The biggest question in the case was whether the Clean Power Plan violated the "major questions doctrine." That rule holds that Congress needs to be crystal clear when it's assigning an agency powers of "vast economic and political significance."
Red state litigants said Congress never meant to give the EPA authority to fundamentally rework the nation’s power grid when it passed the Clean Air Act in 1970. At a minimum, they argued, it’s not obvious that Congress did so, and agencies must have unambiguous authorization when crafting such ambitious programs.
The majority agreed. Writing for the Court, Roberts explained the Clean Air Act provision the EPA invoked has historically addressed specific emitters. It has never once served as a basis for redesigning the entire power grid.

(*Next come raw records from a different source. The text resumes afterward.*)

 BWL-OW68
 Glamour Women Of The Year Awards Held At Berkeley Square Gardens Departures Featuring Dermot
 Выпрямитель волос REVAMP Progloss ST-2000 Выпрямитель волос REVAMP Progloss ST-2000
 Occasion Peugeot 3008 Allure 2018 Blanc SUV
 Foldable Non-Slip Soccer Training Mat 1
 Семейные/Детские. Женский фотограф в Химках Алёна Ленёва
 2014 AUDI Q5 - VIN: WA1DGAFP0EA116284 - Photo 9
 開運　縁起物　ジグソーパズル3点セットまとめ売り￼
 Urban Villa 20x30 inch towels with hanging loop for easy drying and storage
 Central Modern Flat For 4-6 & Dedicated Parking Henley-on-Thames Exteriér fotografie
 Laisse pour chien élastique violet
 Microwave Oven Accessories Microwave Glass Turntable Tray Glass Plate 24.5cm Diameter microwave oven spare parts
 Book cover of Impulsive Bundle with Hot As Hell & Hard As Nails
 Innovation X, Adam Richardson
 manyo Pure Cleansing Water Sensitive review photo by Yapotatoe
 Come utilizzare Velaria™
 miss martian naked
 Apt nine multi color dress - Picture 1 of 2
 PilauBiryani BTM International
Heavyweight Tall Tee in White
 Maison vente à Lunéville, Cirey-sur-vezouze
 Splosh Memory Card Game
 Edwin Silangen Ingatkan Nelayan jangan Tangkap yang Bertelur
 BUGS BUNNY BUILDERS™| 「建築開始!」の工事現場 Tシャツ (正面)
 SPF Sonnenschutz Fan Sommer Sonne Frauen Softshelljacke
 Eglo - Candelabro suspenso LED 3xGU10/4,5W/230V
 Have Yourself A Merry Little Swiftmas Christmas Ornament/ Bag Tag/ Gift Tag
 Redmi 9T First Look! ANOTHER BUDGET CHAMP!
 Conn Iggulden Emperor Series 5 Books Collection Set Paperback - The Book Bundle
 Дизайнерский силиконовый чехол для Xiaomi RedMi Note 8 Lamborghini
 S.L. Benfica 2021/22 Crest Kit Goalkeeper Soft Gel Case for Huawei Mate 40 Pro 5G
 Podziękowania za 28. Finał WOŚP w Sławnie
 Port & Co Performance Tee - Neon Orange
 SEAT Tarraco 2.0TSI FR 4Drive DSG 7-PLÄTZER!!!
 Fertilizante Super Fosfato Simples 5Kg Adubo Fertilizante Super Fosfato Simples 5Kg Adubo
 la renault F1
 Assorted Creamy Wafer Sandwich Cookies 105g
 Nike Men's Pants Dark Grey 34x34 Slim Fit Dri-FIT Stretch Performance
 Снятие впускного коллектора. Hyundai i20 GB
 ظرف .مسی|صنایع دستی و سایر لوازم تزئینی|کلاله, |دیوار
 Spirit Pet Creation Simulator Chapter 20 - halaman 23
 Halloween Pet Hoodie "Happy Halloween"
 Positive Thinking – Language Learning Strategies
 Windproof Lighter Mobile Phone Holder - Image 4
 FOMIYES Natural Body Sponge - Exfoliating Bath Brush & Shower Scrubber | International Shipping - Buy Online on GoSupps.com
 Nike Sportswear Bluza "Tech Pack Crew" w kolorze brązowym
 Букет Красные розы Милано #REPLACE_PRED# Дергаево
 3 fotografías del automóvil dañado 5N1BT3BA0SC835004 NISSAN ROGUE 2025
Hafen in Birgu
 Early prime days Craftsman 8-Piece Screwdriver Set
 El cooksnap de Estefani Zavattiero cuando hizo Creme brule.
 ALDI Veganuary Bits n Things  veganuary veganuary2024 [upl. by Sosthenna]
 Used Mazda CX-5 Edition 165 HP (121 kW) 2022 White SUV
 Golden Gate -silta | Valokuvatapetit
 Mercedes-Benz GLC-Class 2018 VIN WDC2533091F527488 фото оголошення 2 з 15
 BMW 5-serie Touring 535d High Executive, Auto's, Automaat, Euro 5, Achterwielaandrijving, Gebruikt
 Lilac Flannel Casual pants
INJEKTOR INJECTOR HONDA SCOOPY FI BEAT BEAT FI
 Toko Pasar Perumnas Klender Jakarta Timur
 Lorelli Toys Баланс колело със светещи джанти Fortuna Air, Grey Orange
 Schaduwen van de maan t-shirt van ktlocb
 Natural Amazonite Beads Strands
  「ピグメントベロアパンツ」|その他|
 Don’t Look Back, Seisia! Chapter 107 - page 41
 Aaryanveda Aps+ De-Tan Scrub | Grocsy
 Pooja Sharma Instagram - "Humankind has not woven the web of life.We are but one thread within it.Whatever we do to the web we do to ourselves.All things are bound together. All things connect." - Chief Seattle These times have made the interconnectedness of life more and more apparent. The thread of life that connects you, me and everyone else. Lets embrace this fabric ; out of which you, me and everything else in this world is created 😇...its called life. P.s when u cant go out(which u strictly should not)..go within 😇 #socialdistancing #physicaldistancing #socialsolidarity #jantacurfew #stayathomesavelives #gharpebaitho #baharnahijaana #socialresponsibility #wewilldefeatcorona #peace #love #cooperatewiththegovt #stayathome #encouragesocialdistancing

"In arguing that [the Clean Air Act] empowers it to substantially restructure the American energy market, EPA claimed to discover in a long-extant statute an unheralded power representing a transformative expansion in its regulatory authority," Roberts wrote. "It located that newfound power in the vague language of an ancillary provision. Given these circumstances, there is every reason to hesitate before concluding that Congress meant to confer on EPA the authority it claims."
Kagan accused the conservative justices of betraying their text-based approach to interpreting law in her dissent. The Clean Air Act gives the EPA ample authority to regulate polluters, she wrote, so the Court made up a new rule to reach its preferred result.
"The current Court is textualist only when being so suits it," Kagan wrote. "When that method would frustrate broader goals, special canons like the ‘major questions doctrine’ magically appear as get-out-of-text-free cards."
Justice Neil Gorsuch responded in a separate opinion, and needled the dissent for casting climate change as an urgent problem. True though that may be, he wrote, it only goes to show that the Clean Power Plan counts as a "major question" that needs unmistakable grounding in the law.
"As the dissent observes, the challenged action before us concerns one of the greatest challenges of our time," Gorsuch wrote. "If this case does not implicate a question of deep economic and political significance it is unclear what might."
Though green energy policy doesn’t register as a top concern for most voters, it’s a priority for young progressives. Thursday’s decision risks demoralizing that voter bloc, which has already turned sharply against Biden given what they see as his failure to deliver.
The case is No. 20-1530 West Virginia v. EPA.
Update 4:30 p.m.: This article has been updated.